Investing sounds so simple: Buy low, sell high, make money.
But just like the odds of betting against the house in Las Vegas, if it were that easy, everyone would be millionaires.
Right now, Wall Street is having the equivalent of a bargain-basement sale (just look at Warren Buffett’s buying spree), but investors feel safer buying stocks such as Apple at premium prices, explains financial planner Benjamin C. Sullivan of Palisades Hudson Financial Group in Scarsdale, N.Y. It’s irrational. But paying top dollar is just one example of mistakes naïve investors make. There are plenty of others, according to financial experts.
“The end goal is to increase your balance. If you’re losing money over decades, you’re not doing something right,” says Jay Ferrara, economic strategist and investment officer of Farmers and Merchants Trust Company in Long Beach, Calif. “Saving cash is a valuable strategy.”
Here are 9 common investing mistakes:
1. Failing Finance 101. Do your research before you start investing, says Stanley Crouch, chief investment officer at Aegis Capital in New York City. “Investors need to take responsibility for themselves. You don’t need to be a hedge fund manager,” he says, but you do need to know the basics. Crouch started his financial career with degrees in economics and math. But looking back, he says he “was naïve about everything. Experience is huge part of teaching yourself, making mistakes.”

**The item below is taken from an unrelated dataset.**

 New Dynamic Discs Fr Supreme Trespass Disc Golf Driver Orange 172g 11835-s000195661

The average investor hasn’t done a good job teaching himself the fundamentals, things as basic as understanding what a stock is, financial planner Sullivan points out. Brushing up on finances is as easy as spending an evening researching financial websites, Crouch says, or better yet, talking to a financial planner.
2. Not trusting your gut. “It’s common sense, at the end of the day,” Crouch says. “Even Warren Buffett invests in things he understands.’’ Buffett has famously has put his money into Dairy Queen (ice cream), Fruit of the Loom (underware), and Burlington Northern (trains) – to name a few of his investments. (His announcement this week that his investment vehicle, Berkshire Hathaway, has taken a 5.4% stake in IBM represents a departure from “a long-held aversion to technology stocks,” The Wall Street Journal said.) But investing in what you understand and relying on gut instinct goes beyond picking stocks. If your financial planner or stockbroker is taking you in directions that make you uncomfortable or raise red flags, you should speak up.

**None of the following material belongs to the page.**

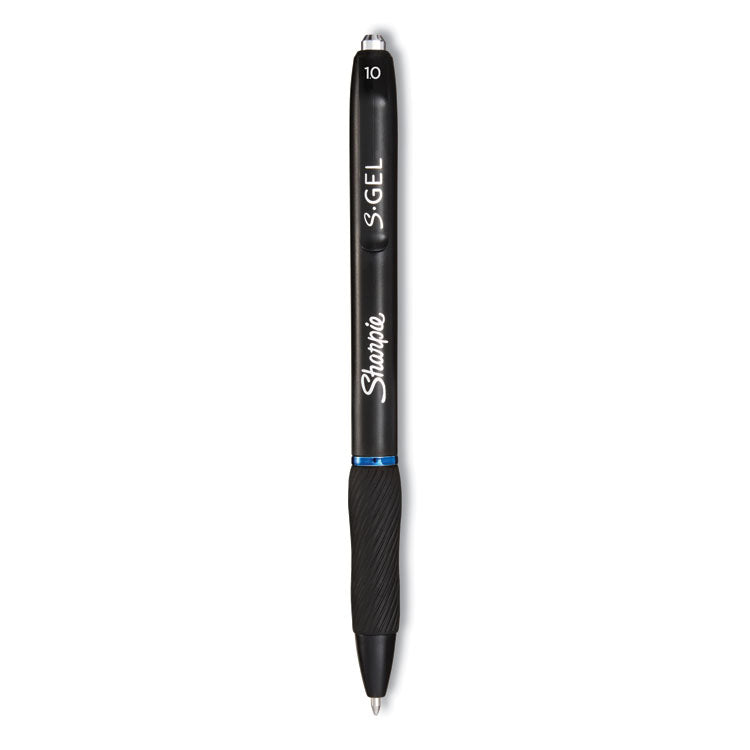 S-Gel High-Performance Gel Pen, Retractable, Bold 1 Mm, Blue Ink, Black Barrel, 36/pack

3. Being too scared to invest. Wall Street makes investing appear mysterious, say many of the financial pros. “I think that’s the goal of Wall Street—to make it sound like you need a PhD to be successful,” Ferrara says. Know your strengths and weaknesses before deciding how to manage your finances and learn from your mistakes. But risks are inherent in investing – you need to be comfortable taking them.

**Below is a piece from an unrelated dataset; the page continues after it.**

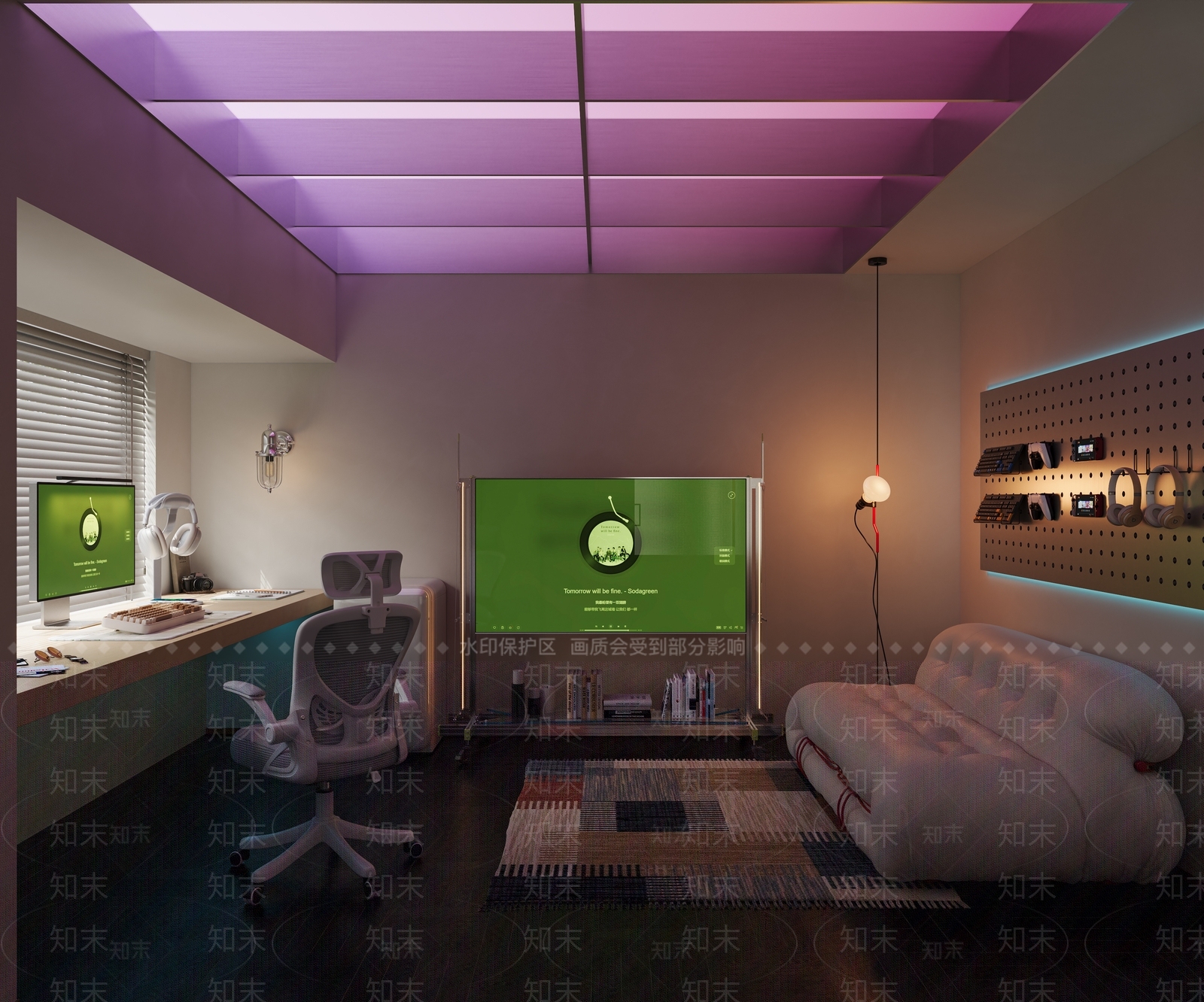 现代影音室3D模型下载【ID:1215119235】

4. Not understanding diversification. Even bankers are susceptible to this—thinking that by investing in several banks they are diversifying, Sullivan says. Investing predominantly in your company’s stock puts all your eggs all in one basket and is generally considered a risky route to take. When the stock falls suddenly, you have no other investments to offset the losses.
5. Trying to outsmart the market. A lot of people try to time the market, buying low and selling high, Sullivan explains. Ironically, investors often wait until the market is trending up to buy. Across the board, experts say timing the market is a bad idea.
6. Not having a system to track investments. Beginning investors may think that after buying a stock(s) or investing in a 401k, they can settle back and let the money roll in. You need to have a system, a philosophy that works for you. Something as basic as reviewing 401k statements is a task the average investor doesn’t do. “They forget about it,” Ferrara says.
7. Focusing on the U.S. market. Many American investors fail to consider global markets. A strong U.S. stock could still be affected by foreign influences, Sullivan says. Investors need to widen their scope beyond Wall Street.
8. Not understanding the history of the market. “This is an unprecedented time in history. We say to all our investors: reduce speculative risk and increase certainty,” Crouch says. Traditional investing strategies, such as buy and hold, were for long-term goals such as funding retirement. Even the idea that you need to be heavily invested in the market, for example, is not always true these days, Ferrara says.
9. Following “hot tips.” From the neighborhood dentist to the financial talking heads on TV, it seems everyone is an expert. Many stock tips are bogus. Even if the tip is legit, there may be trouble ahead. “If you somehow get a tip that is based on accurate information from someone close to the company, you may be found guilty of insider trading, Sullivan says. “Your cell is unlikely to be as nice as Martha Stewart’s.”